GOAL OF THE EXERCISE:
Images should be omitted while the rest of the data is duplicated exactly.

-------

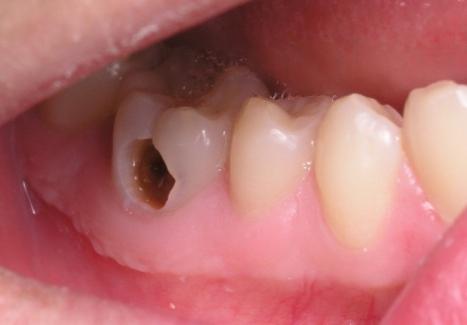 6 bài thuốc nam đơn giản, dễ kiếm chữa đau răng - 1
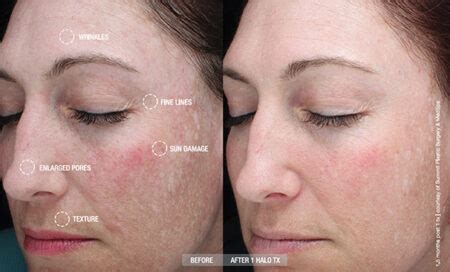 HALO Hybrid Fractional Laser Resurfacing - Dr. Beth Comeau MD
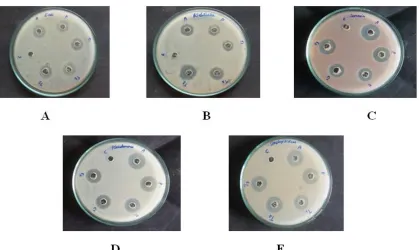 Fig. 8. Antifungal activity of leaf extract of Pedalium murex against (A). Aspergillus niger, (B)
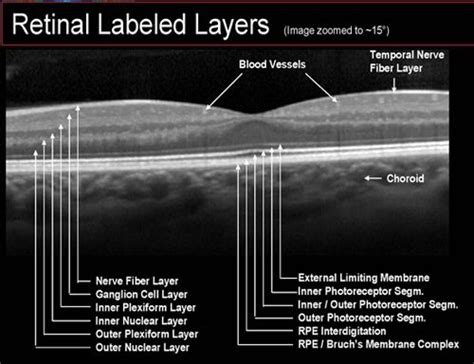 Dekalb Optometric | Anatomía del ojo, Anatomia ocular, Optometría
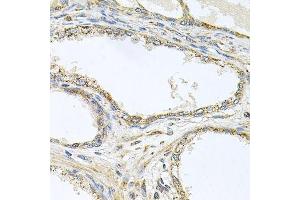 Immunohistochemistry (Paraffin-embedded Sections) (IHC (p)) image for anti-Tumor Necrosis Factor Receptor Superfamily, Member 10a (TNFRSF10A) (AA 269-468) antibody (ABIN6149302)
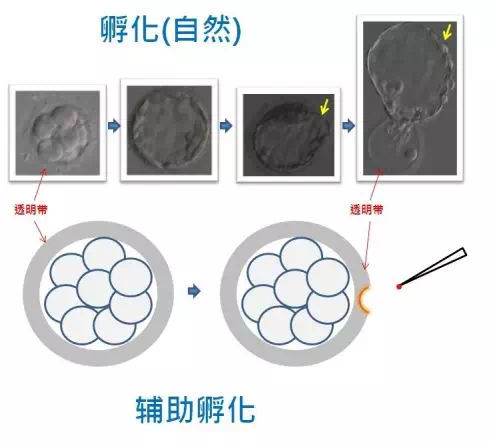 试管辅助孵化技术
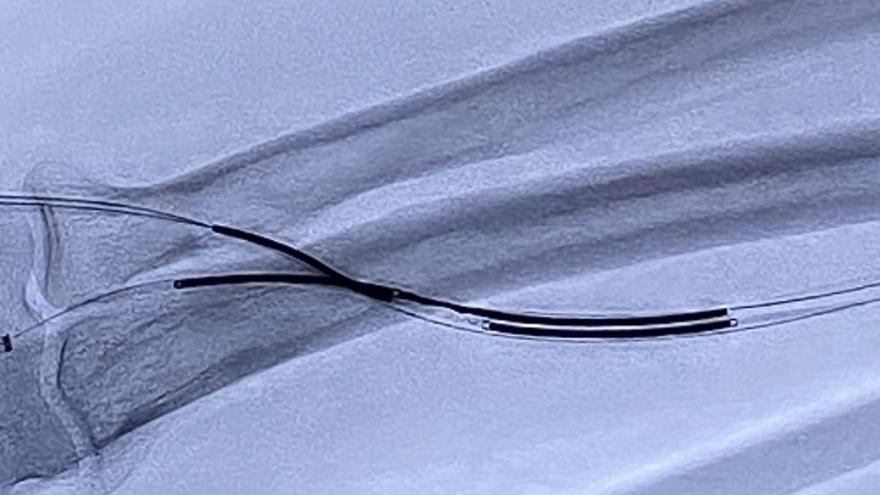 Fistula endovascular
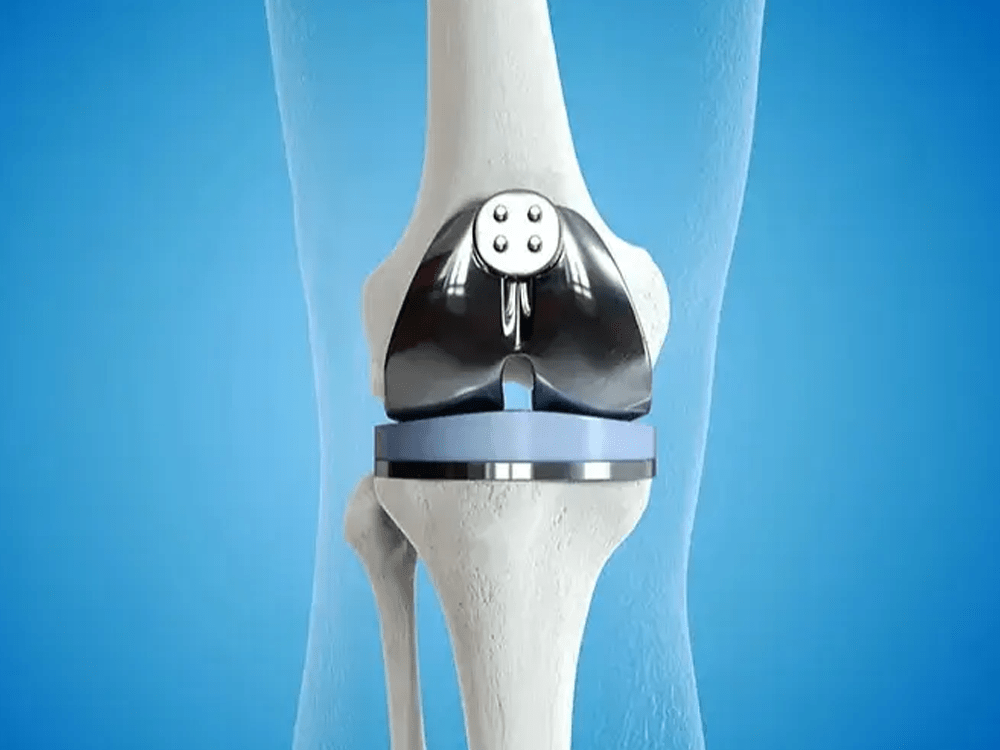 knee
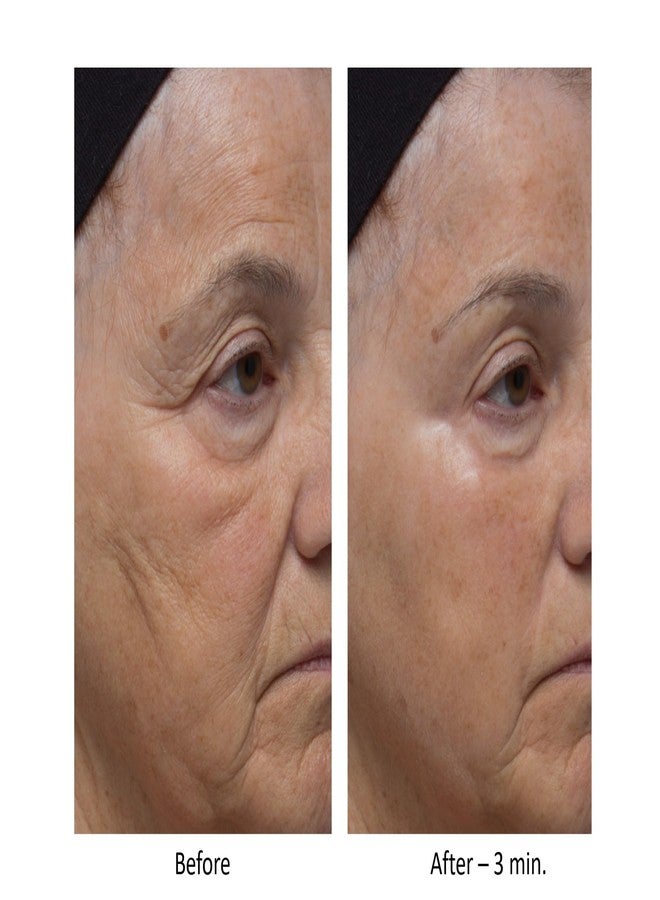 Dr. Denese Wrinkle Lost Line Reducer, 3 Minute Age Eraser With Silk Protein Fiber Technology - Image 3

-------

REPLY TO THE EXERCISE:
 6 bài thuốc nam đơn giản, dễ kiếm chữa đau răng - 1
 HALO Hybrid Fractional Laser Resurfacing - Dr. Beth Comeau MD
 Fig. 8. Antifungal activity of leaf extract of Pedalium murex against (A). Aspergillus niger, (B)
 Dekalb Optometric | Anatomía del ojo, Anatomia ocular, Optometría
 Immunohistochemistry (Paraffin-embedded Sections) (IHC (p)) image for anti-Tumor Necrosis Factor Receptor Superfamily, Member 10a (TNFRSF10A) (AA 269-468) antibody (ABIN6149302)
 试管辅助孵化技术
 Fistula endovascular
 knee
 Dr. Denese Wrinkle Lost Line Reducer, 3 Minute Age Eraser With Silk Protein Fiber Technology - Image 3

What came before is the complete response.